The consent decree is the product of the United States’ civil pattern or practice investigation of NOPD, which began in May 2010 and resulted in a comprehensive report in which the department found that the NOPD engages in a pattern or practice of misconduct that violates the Constitution and other federal laws. The Justice Department’s investigation found a pattern or practice of excessive force, including stops, searches and arrests in violation of the Fourth Amendment. The investigation also found evidence of discriminatory policing based on race, ethnicity, gender and sexual orientation. This civil pattern or practice investigation was separate from the numerous federal criminal civil rights prosecutions of NOPD officers during this time period.

The Justice Department’s civil pattern or practice investigation was informed by 12 experts on police practices, including a number of current and former police professionals. The investigation included numerous onsite visits and observations of police-community interactions, including interviews with New Orleans officials, NOPD command staff, supervisors and police officers. Additionally, the department’s investigation reviewed more than 36,000 pages of documents and held interviews with residents, community groups and other stakeholders.

The investigation was conducted in accordance with the police misconduct provision (Section 14141) of the Violent Crime Control and Law Enforcement Act of 1994 (VCCLEA) , the anti-discrimination provisions of the Omnibus Crime Control and Safe Streets Act of 1968, and Title VI of the Civil Rights Act of 1964. Under Section 14141 of VCCLEA, the Justice Department has the authority to file civil suits against law enforcement agencies that engage in a pattern or practice of misconduct. The department also has the authority under the Safe Streets Act and Title VI to file suit against law enforcement agencies that engage in discrimination if they receive federal funds.

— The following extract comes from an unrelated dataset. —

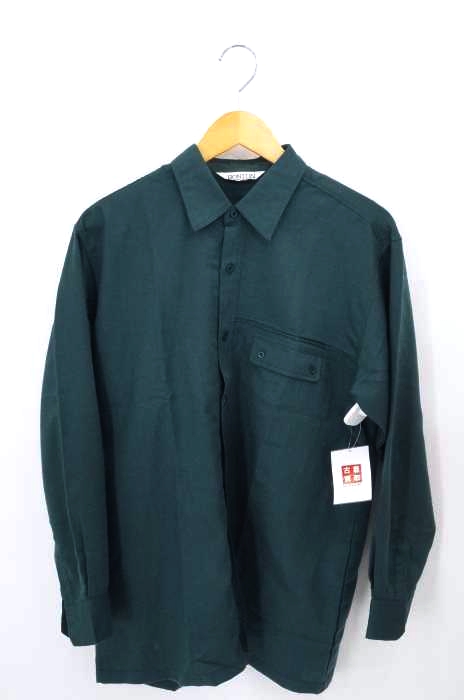 USED古着（ユーズドフルギ） OLD 長袖シャツ メンズ トップス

After initially applauding the NOPD conset decree as a “clear roadmap forward” when he signed it on July 24, 2012, New Orleans Mayor Mitch Landrieu said earlier this year in a federal court brief that the City of New Orleans no longer needs a NOPD consent decree because the New Orleans Police Department is reforming itself.

The fatal NOPD shootings of Justin Sipp and an unarmed Wendell Allen, within a seven-day period in March of 2012, and a Feb. 10, 2013 incident involving plainclothes officers and two Black teenagers in the French Quarter, have led to renewed demands for NOPD reforms and an end to racial profiling, excessive force and other forms of unconstitutional policing. Both Justin Sipp and Wendell Allen were 20 years old and Earl Sipp, 24, was also injured in a gunfire exchange with NOPD officers. Both the Sipp and Allen families have filed civil lawsuits against the City of New Orleans and the NOPD this past March.